In the first of our delving series into the murky past of the University, Contact brings you a desktop developer who has experienced the fame and fortune of pop stardom south of the Tay.

Fiction factory was the band and Feels like Heaven was the hit that took Kevin Patterson, a desktop developer in central administration to number six in the British charts back in 1984. You'll remember the song and you'll dig the fashion on the single sleeve. Kevin was quick to point out that the large square digital watch he sports on his album cover was ditched a long time ago and he has since encouraged his barber to cease the electric shock treatment for that magnetic flat top look. It is however with a wry smile for the good old days on the road that Kevin recalls his life as a popstar.

Kevin, from Perth, started studying music therapy when he left school at Anniesland and Perth colleges and the then Dundee Institute of Technology. From there he developed an interest in writing pop and together with another two boys from Perth and one from Kilmarnock he established Fiction Factory becoming the singer and co-songwriter.

The band's first big break was a tour supporting Paul Young then their big hit in 1984 took them into the British and German top ten, to number one in Switzerland and proved a massive hit in Italy. Kevin's most intimate encounter with the stars was at the Italian hits festival in the outdoor amphitheatre in Verona where Fiction Factory found themselves in the adjacent hotel room to Spandau Ballet from where they could hear the boys arguing about who should be wearing what trousers.

Not a mistake likely to be made in the Matthew building, Kevin confesses that in his heyday he was regularly mistaken for Billy Idol.
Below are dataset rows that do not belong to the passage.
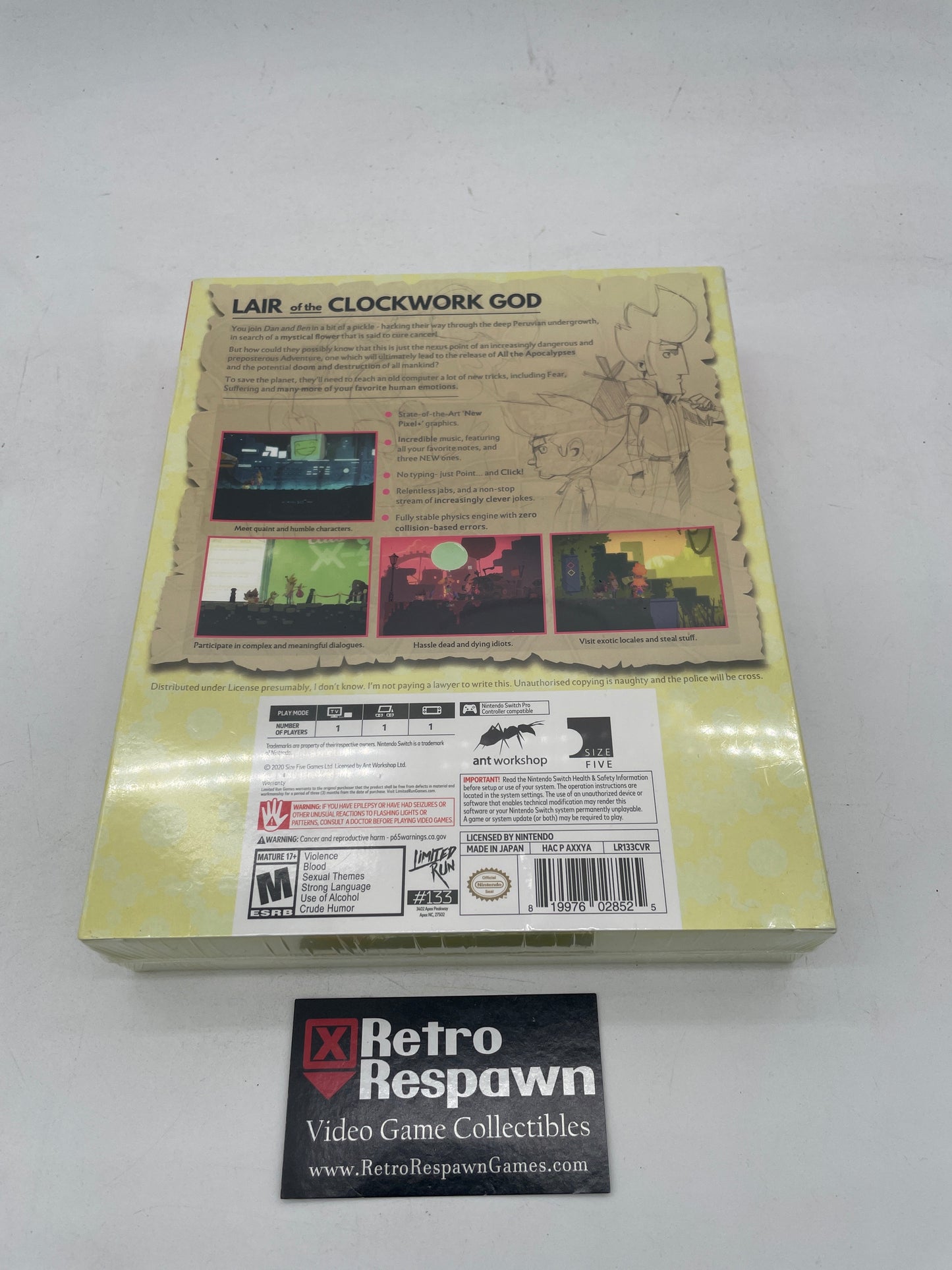 Lair of the Clockwork God [Collector's Edition] - Nintendo Switch (Sealed)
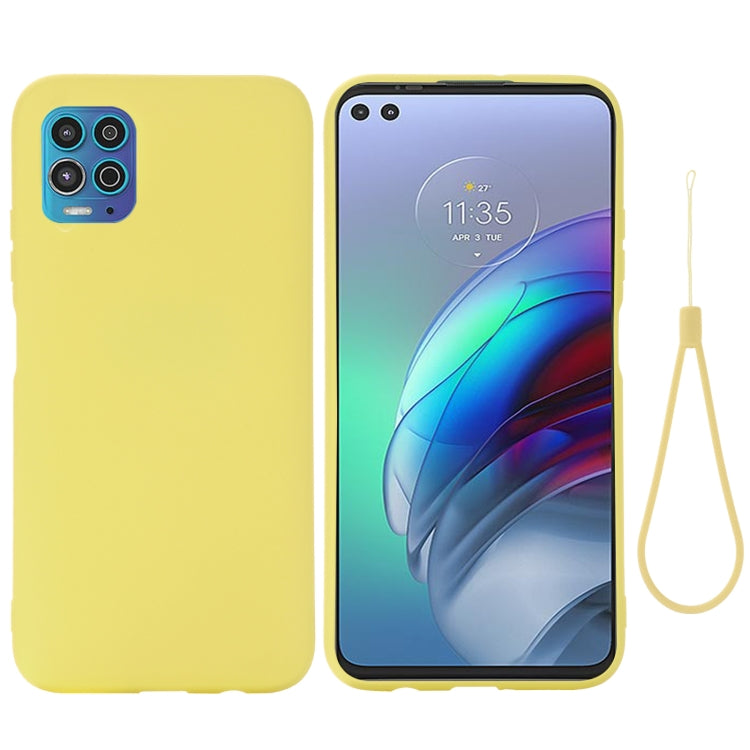 For Motorola Moto G100 / Edge S Solid Color Liquid Silicone Dropproof Full Coverage Protective Case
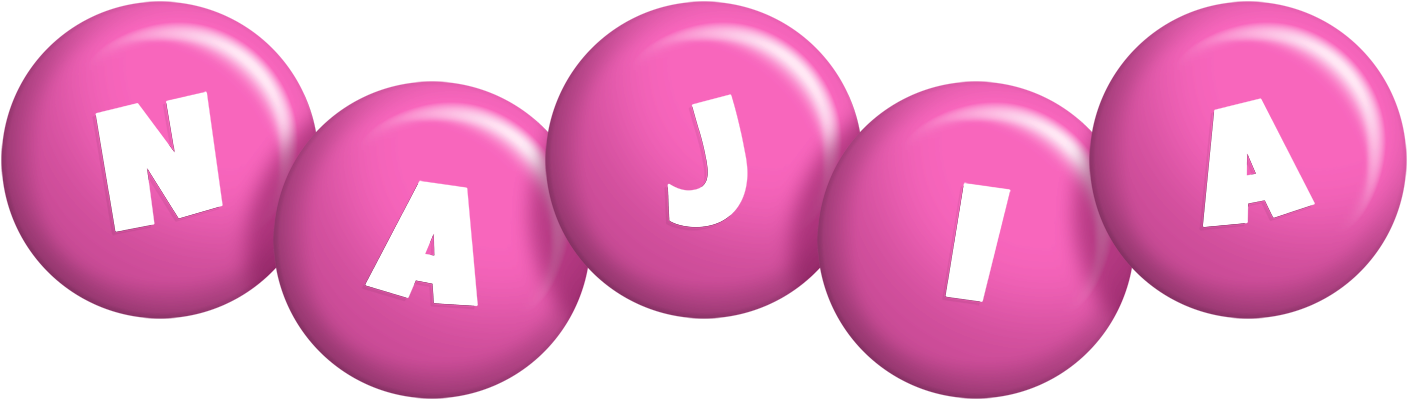 Najia candy-pink logo
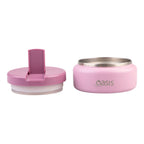 Oasis | Mini Stainless Steel Double Wall Insulated Food Flask With Quick Release Lid | Blush | 230ml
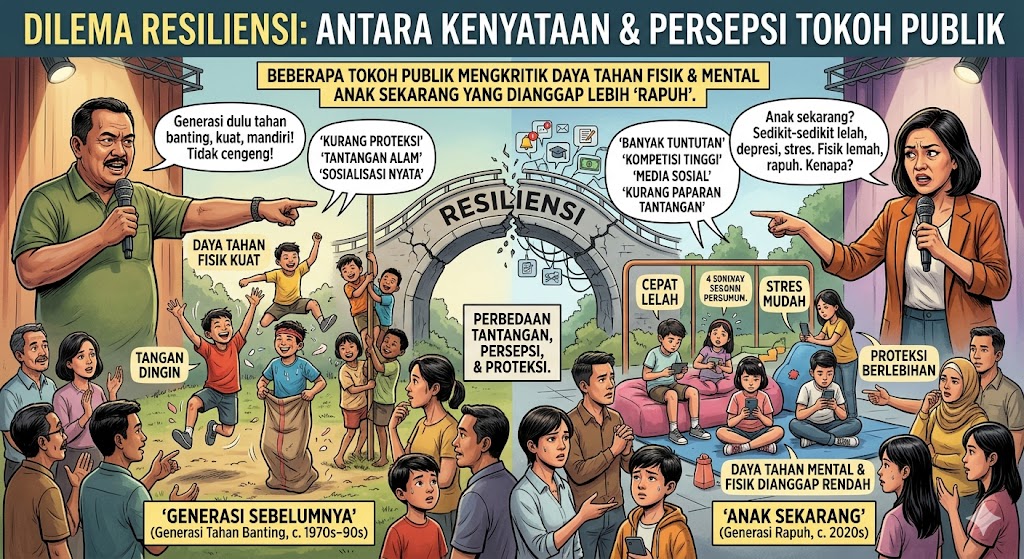 Anak Zaman Sekarang Dianggap Lebih “Rapuh”? Ini Fakta dan Perspektif Para Ahli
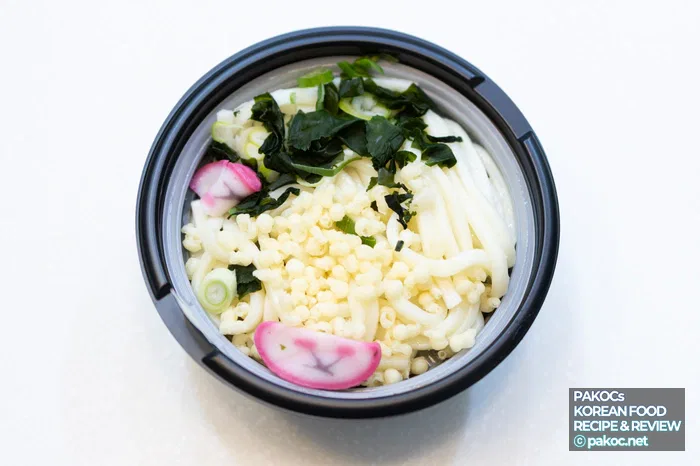 Recomendación de udon tipo bento de tienda de conveniencia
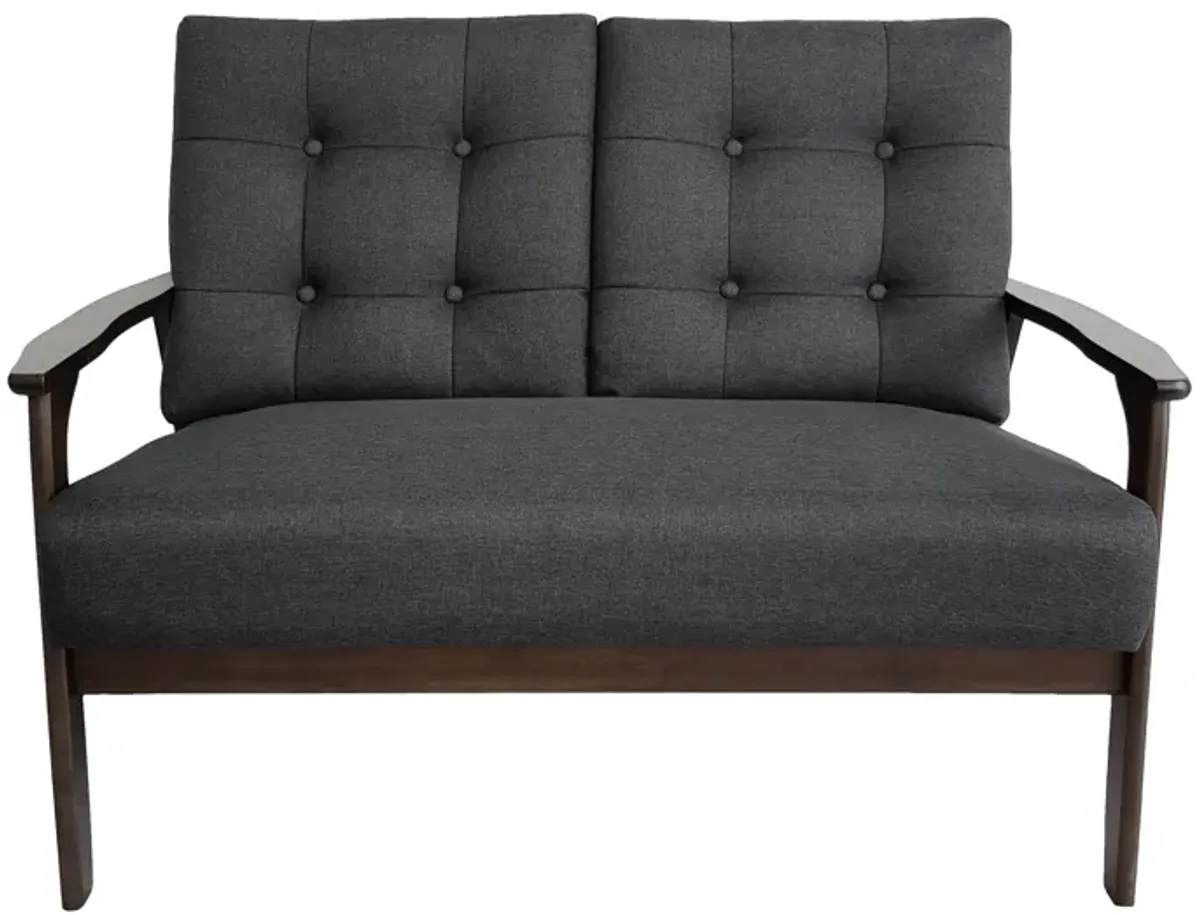 Merax Tufted Loveseat Sofa Accent Sofa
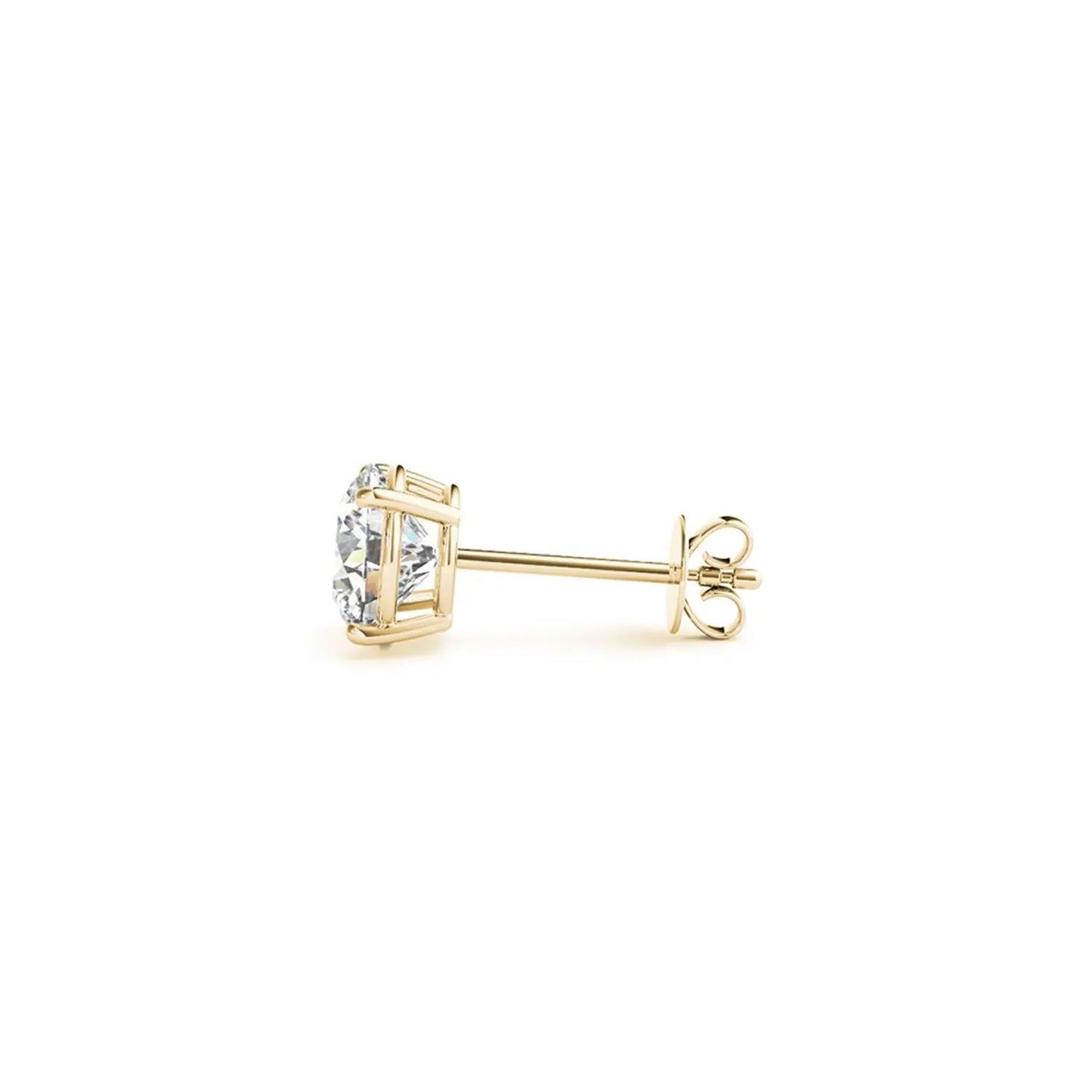 2 cttw Certified IGI Lab Grown Round Diamond Earrings 14k Yellow Gold (G/VS2) RCJ Earrings  CELESTIA LUXE JEWELLERS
Kevin wonders whether the Italians that would stop him in the street and ask whether he was Billy Idol made the same connection and ask the man himself whether he was that lad Kevin Patterson from Perth.

But there was no fooling Sean Hughes when on Never Mind the Buzzcocks two years ago the teams were challenged to pick out Kevin from the five man line up. Sean recognised our man straight off and admitted to being his biggest fan. Was there any need to turn back after such commendation?

Fiction factory went their own ways in 1987. After five years, the band had run its course and as Kevin said they "could never shake that one song". Kevin still writes songs in his spare time but when asked whether he would still like to be on the road of a roving popstar he refuses. "The work of a song writer is a 24 hour occupation. You never know when the next song will come to you." So now, with wife and cats, 9-5 at the heart of the University's IT services is where Kevin is happy. He's had his shot at fame and is content to file his own album sleeves with a hefty pile of software manuals.